== Task details ==
Return the line containing "awning fabric" and every line beneath it through the end of the entries below, unchanged. Pictures stay out.

== Entries supplied ==
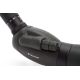6. Celestron TrailSeeker 65-45 Degree luneta 48x Czarny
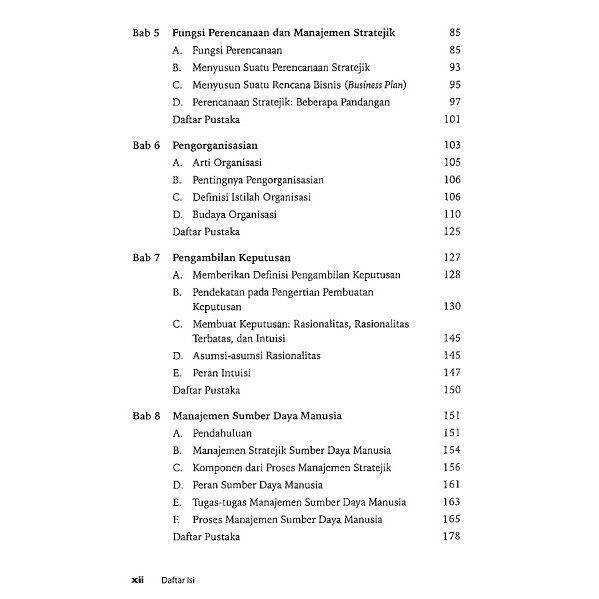 (1) soal valid berjumlah 13 butir (32,5%). Pengantar Manajemen Olahraga Dr Harsuki Shopee Indonesia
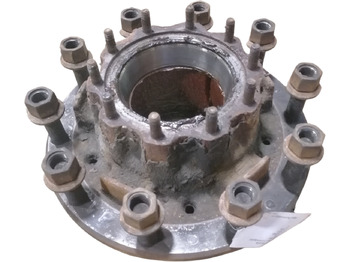 Ổ bánh lái SCANIA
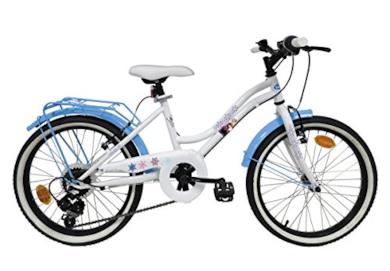 Bicicletta Frozen
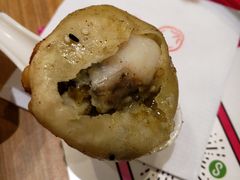 -小杨生煎(龙阳广场店)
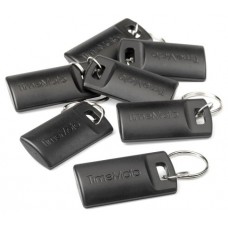 TimeMoto RF-110 RFID llaves pack 25 uds - Safescan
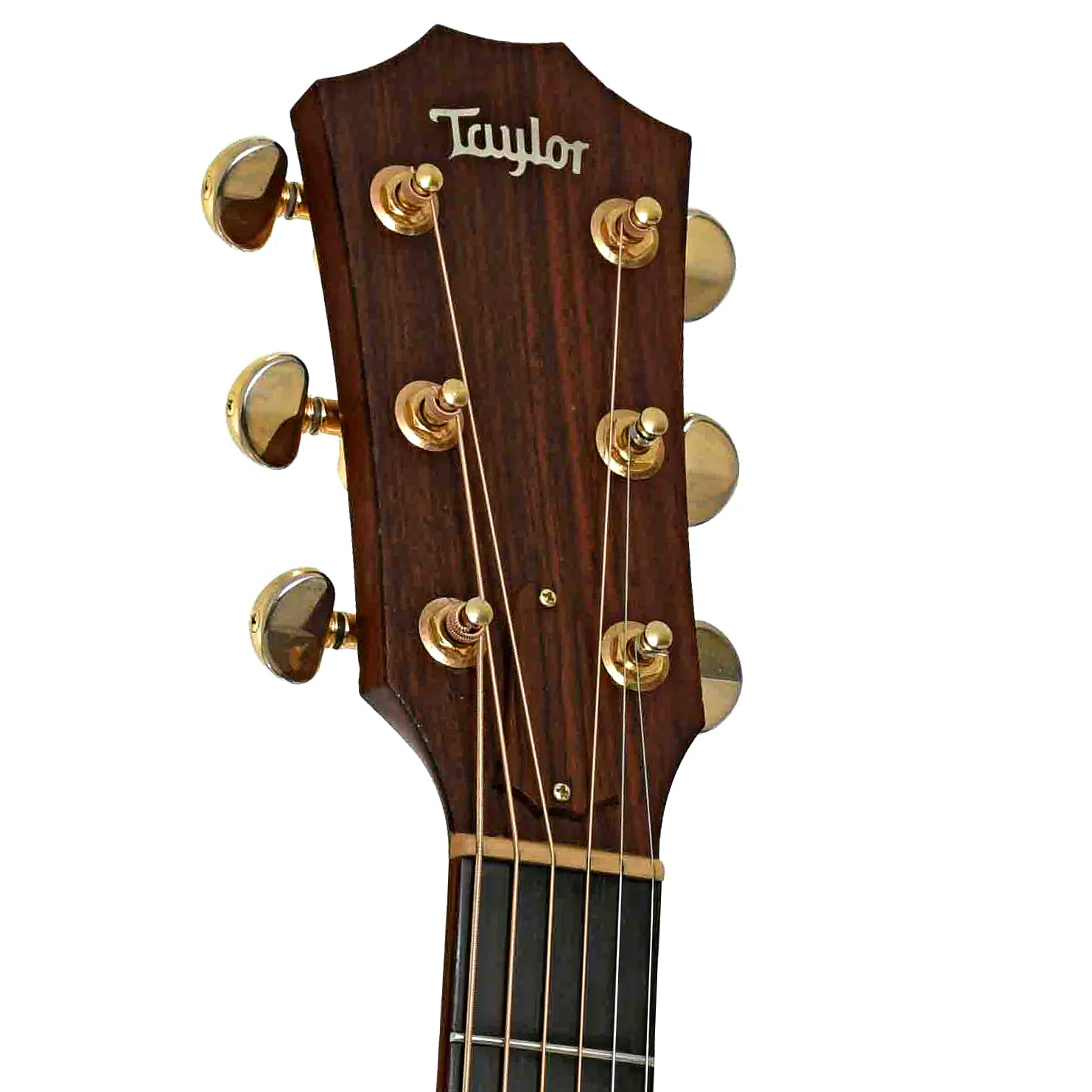Taylor 712ce Acoustic-Electric Guitar (2003) - Image 8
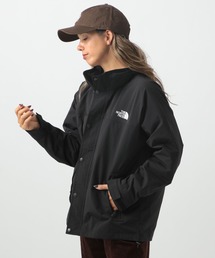 【THE NORTH FACE(ザ・ノース・フェイス)】ハイドレナジャケット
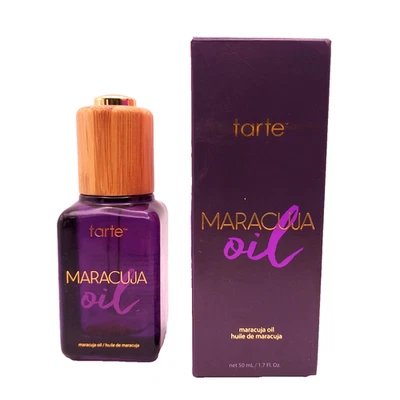 Tarte Maracuja 油正装 1.7 盎司  — 第 1/4 张图片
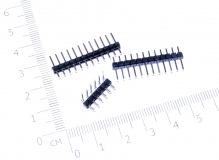 Arduino pro mini на базе ATMEGA328P U-CN 5В/16МГц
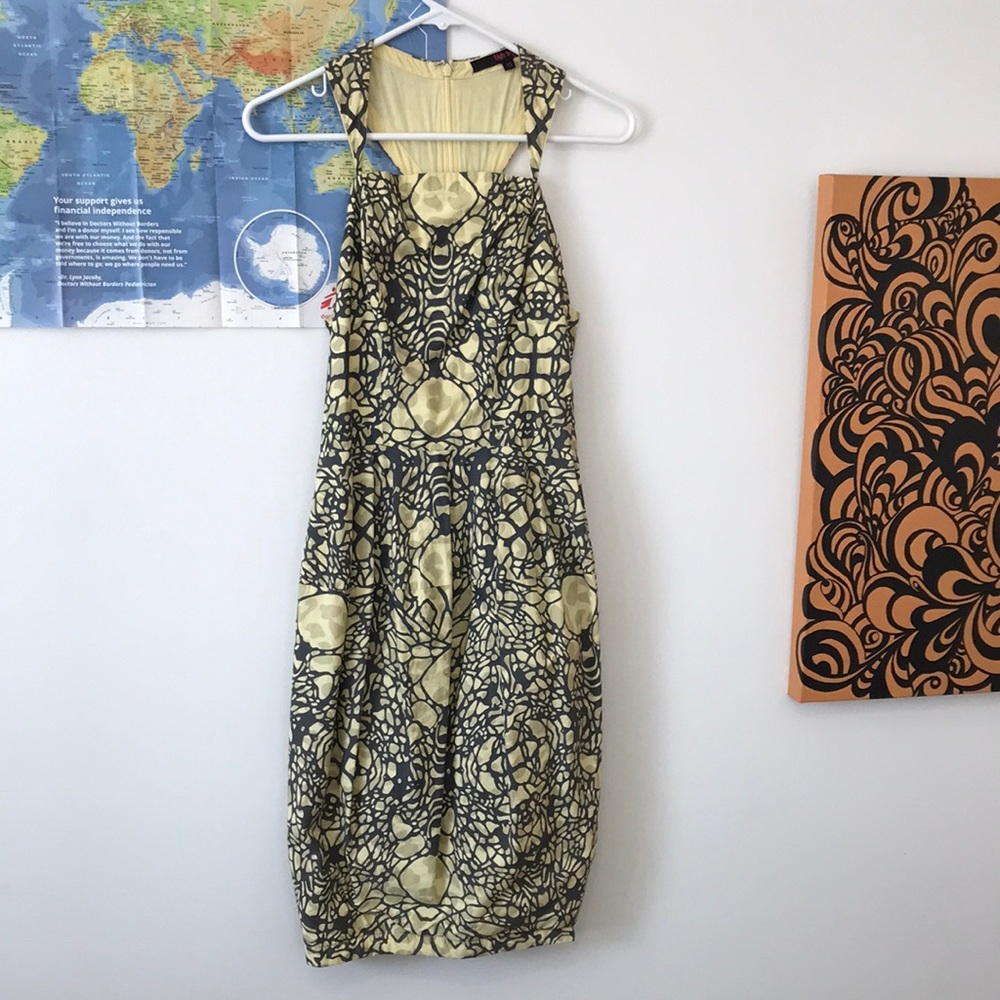 Sweet Summer Dress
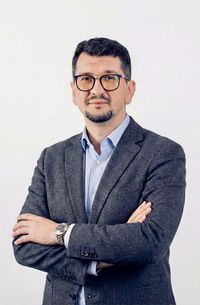 Psih. Ionut Gurau — consultație medicală online pe Ringdoc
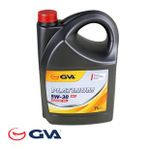 MOTOR YAĞI 5W30 7 LT PLATINUM PARTİKÜLLÜ- DPF TAM SENTETİK API SN/CF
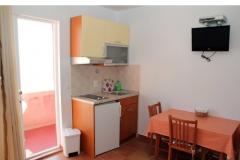 Apartmaji Parun Apartma 4: (2+2) – (6)A2+2 foto 4
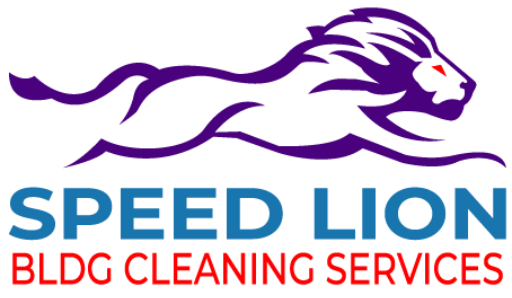 Speed Lion Cleaning Services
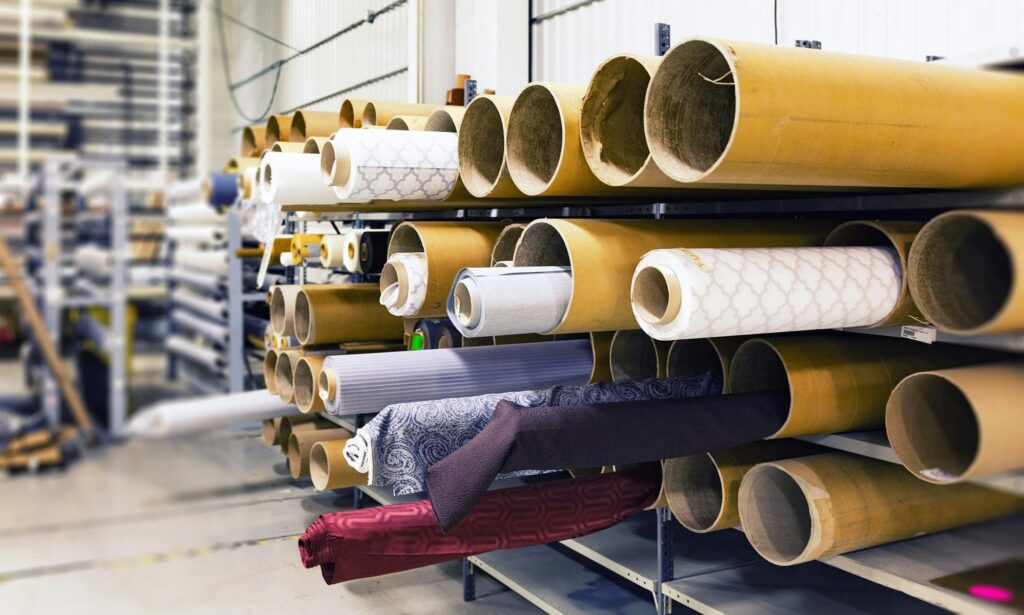 awning fabric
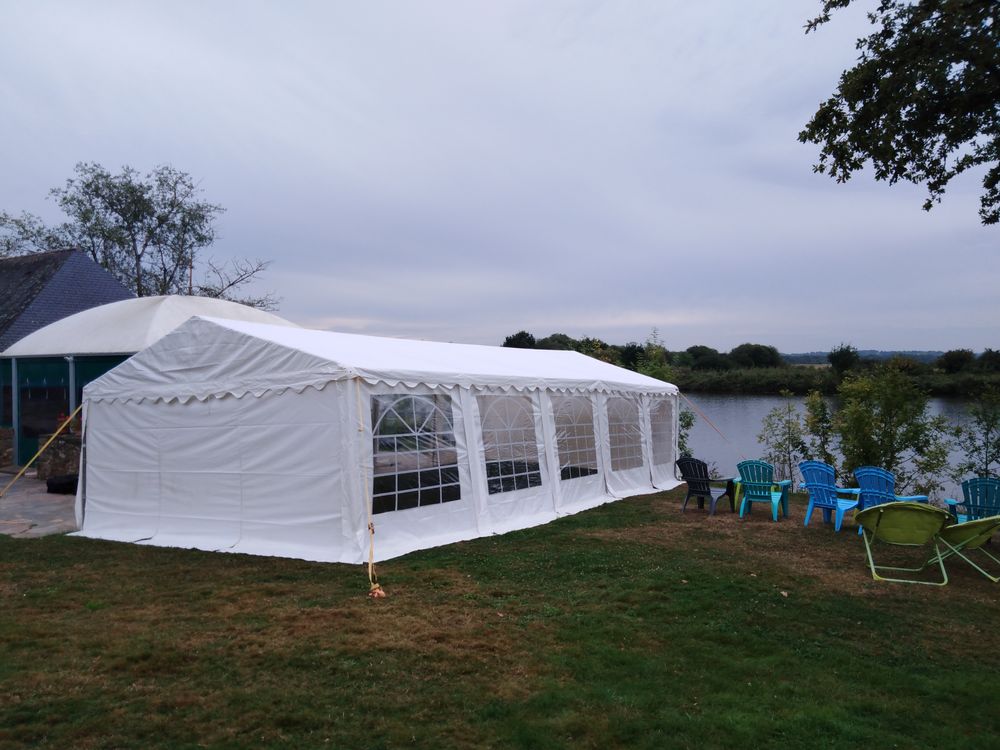 Barnum 10x5 (mont&eacute;) 0 44130 Blain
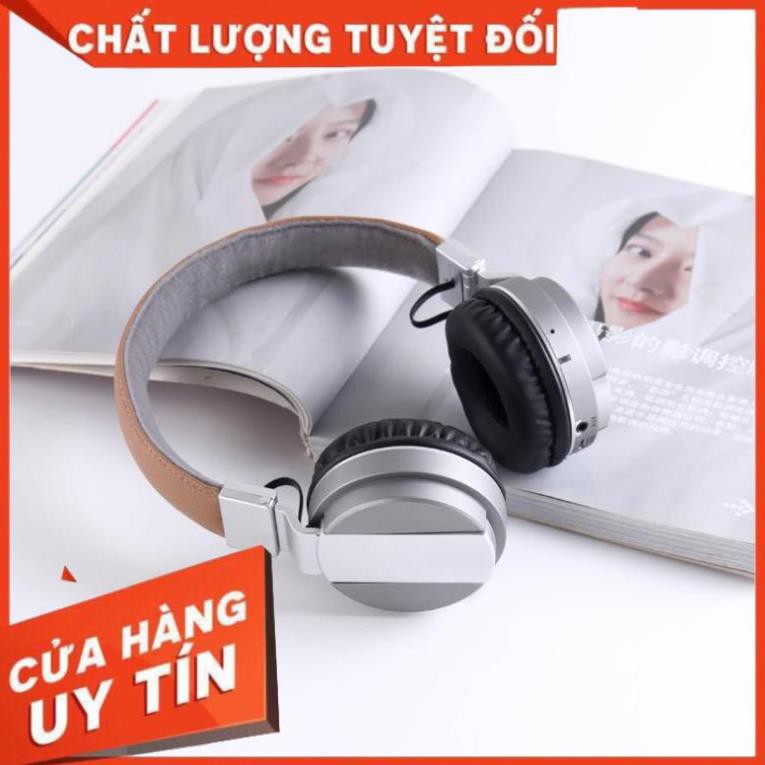 tai nghe bluetooth,Tai nghe Bluetooth chụp tai FE018 | BigBuy360 - bigbuy360.vn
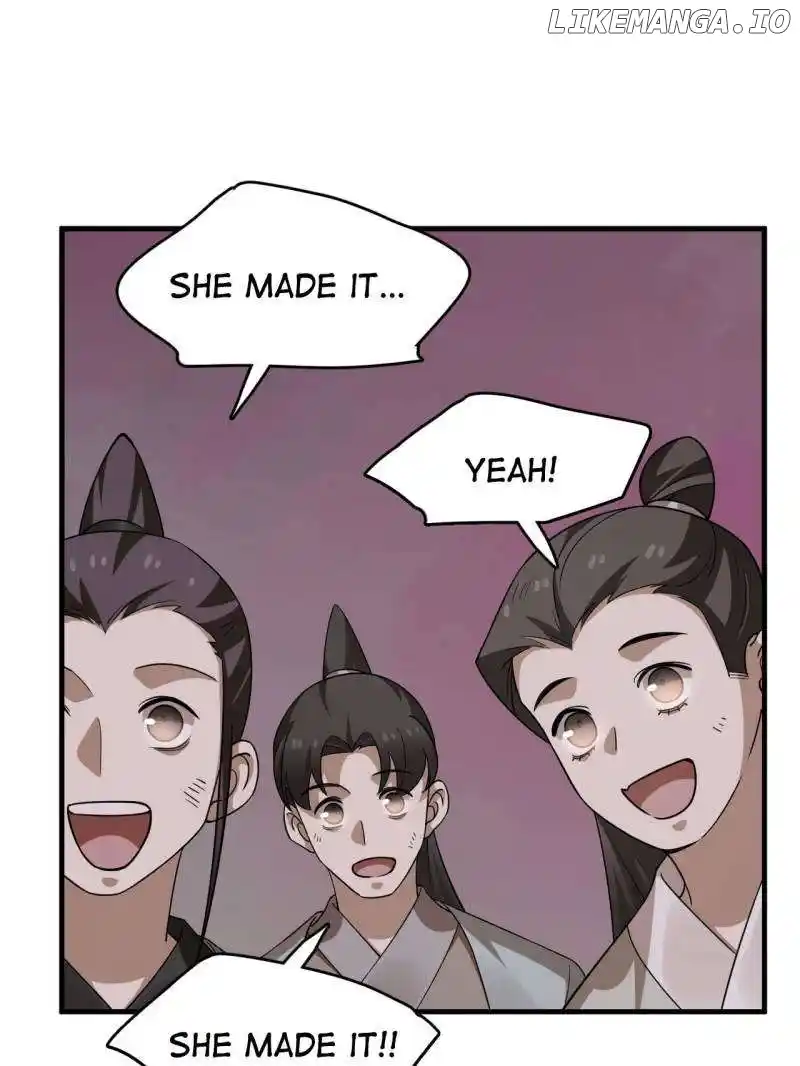 Queen of Posion: The Legend of a Super Agent, Doctor and Princess Chapter 474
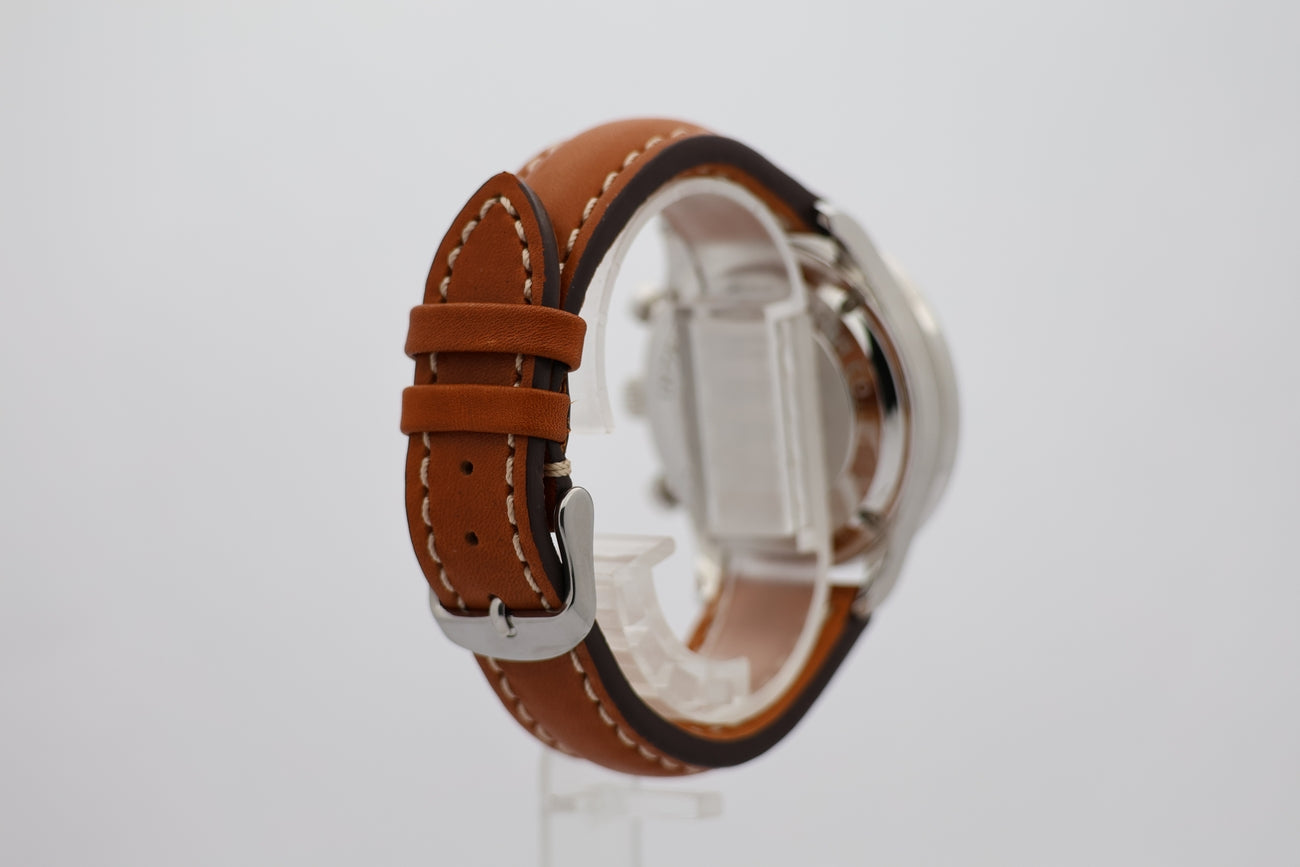 IWC Portugieser Chronograph Automatik Herrenuhr IW371445 - Detailansicht 1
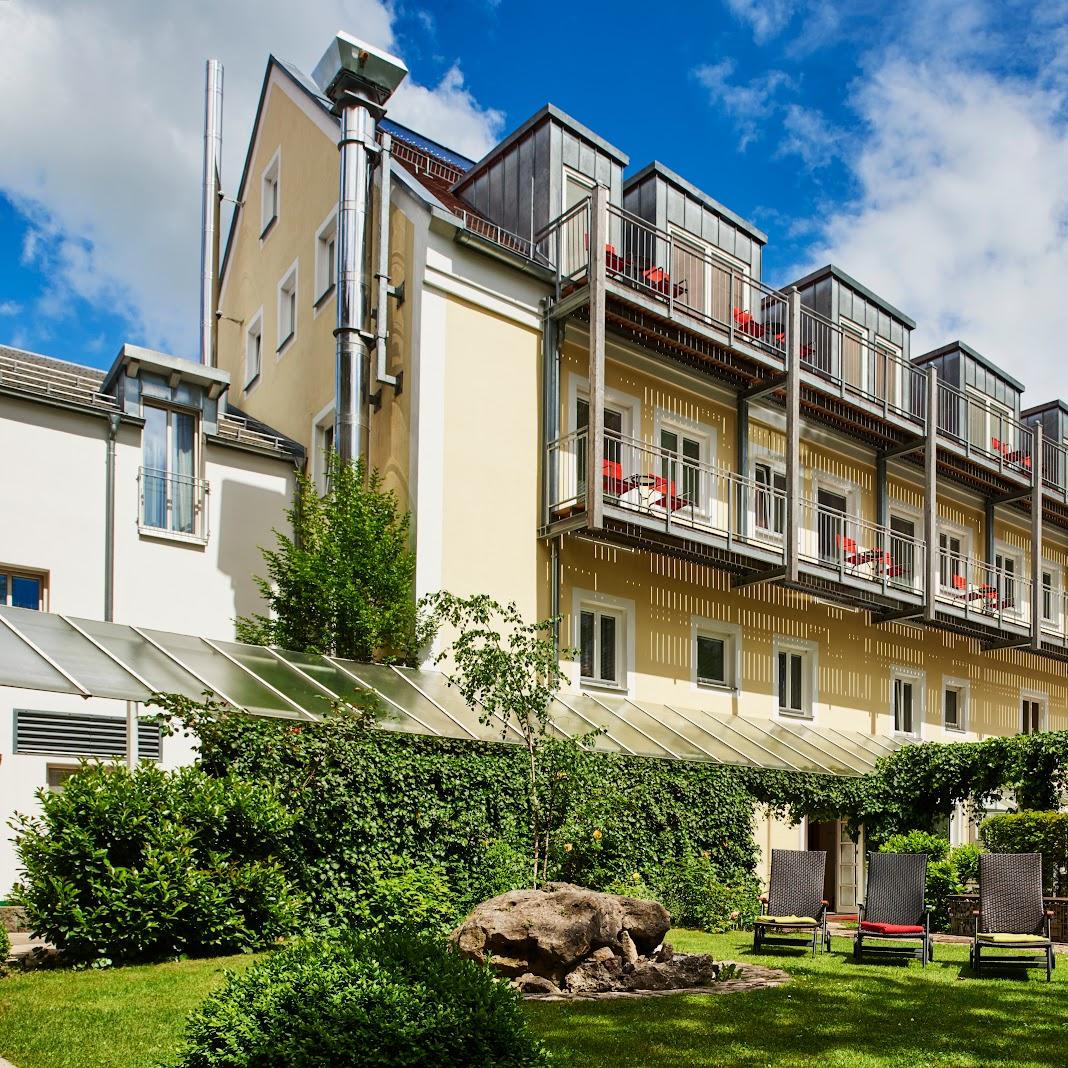 Restaurant "Hotel Fuchsbräu" in Beilngries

== Task response ==
 awning fabric
 Barnum 10x5 (mont&eacute;) 0 44130 Blain
 tai nghe bluetooth,Tai nghe Bluetooth chụp tai FE018 | BigBuy360 - bigbuy360.vn
 Queen of Posion: The Legend of a Super Agent, Doctor and Princess Chapter 474
 IWC Portugieser Chronograph Automatik Herrenuhr IW371445 - Detailansicht 1
 Restaurant "Hotel Fuchsbräu" in Beilngries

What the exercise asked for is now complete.